**Your objective**
Taking only the lines of the data below from the line with "Universal Long Flexible" to the line with "Полотенце 6502213 Кот-джин", ends included, write them out exactly and without pictures.

**Dataset**
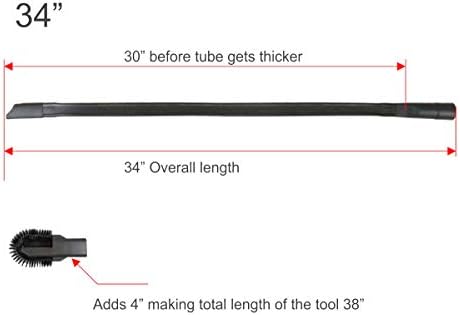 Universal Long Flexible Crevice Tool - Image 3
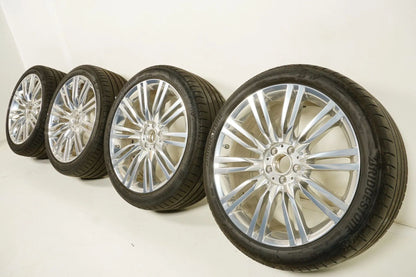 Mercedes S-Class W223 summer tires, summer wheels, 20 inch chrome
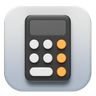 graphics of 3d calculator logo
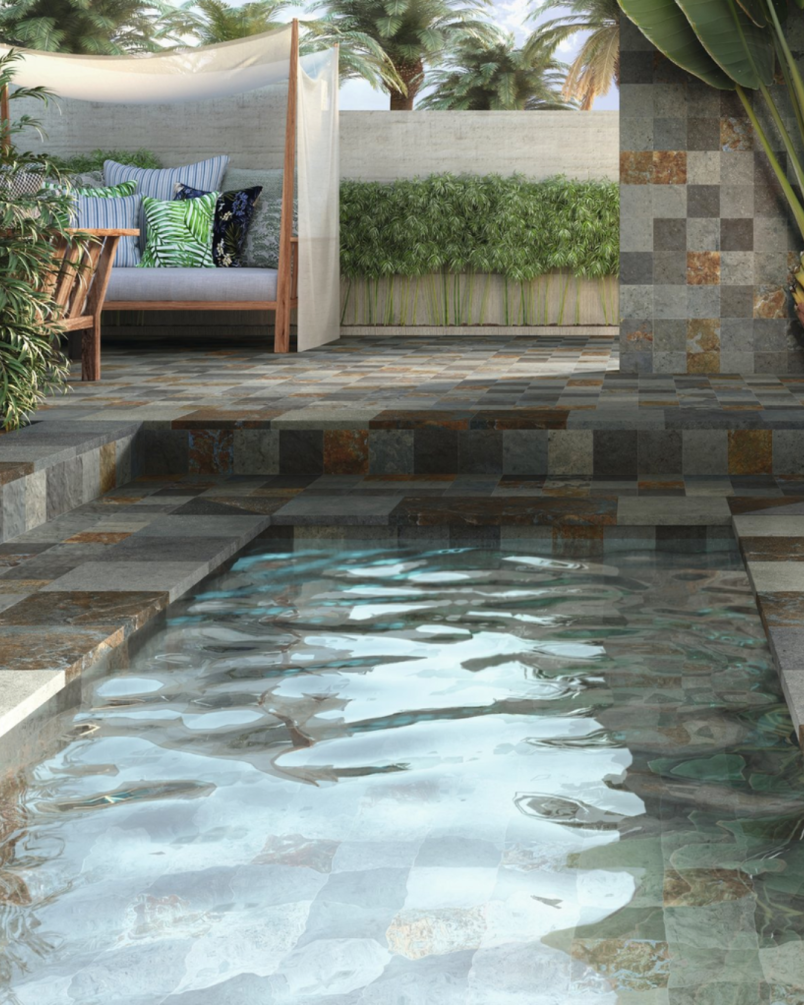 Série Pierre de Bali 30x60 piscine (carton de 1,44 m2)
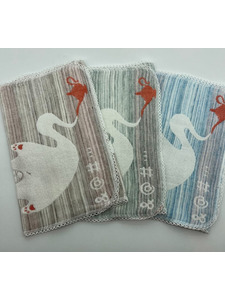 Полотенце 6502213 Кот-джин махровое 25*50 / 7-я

...

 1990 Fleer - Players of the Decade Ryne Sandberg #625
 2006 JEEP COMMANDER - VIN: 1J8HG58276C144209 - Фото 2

**Answer space**
 Universal Long Flexible Crevice Tool - Image 3
 Mercedes S-Class W223 summer tires, summer wheels, 20 inch chrome
 graphics of 3d calculator logo
 Série Pierre de Bali 30x60 piscine (carton de 1,44 m2)
 Полотенце 6502213 Кот-джин махровое 25*50 / 7-я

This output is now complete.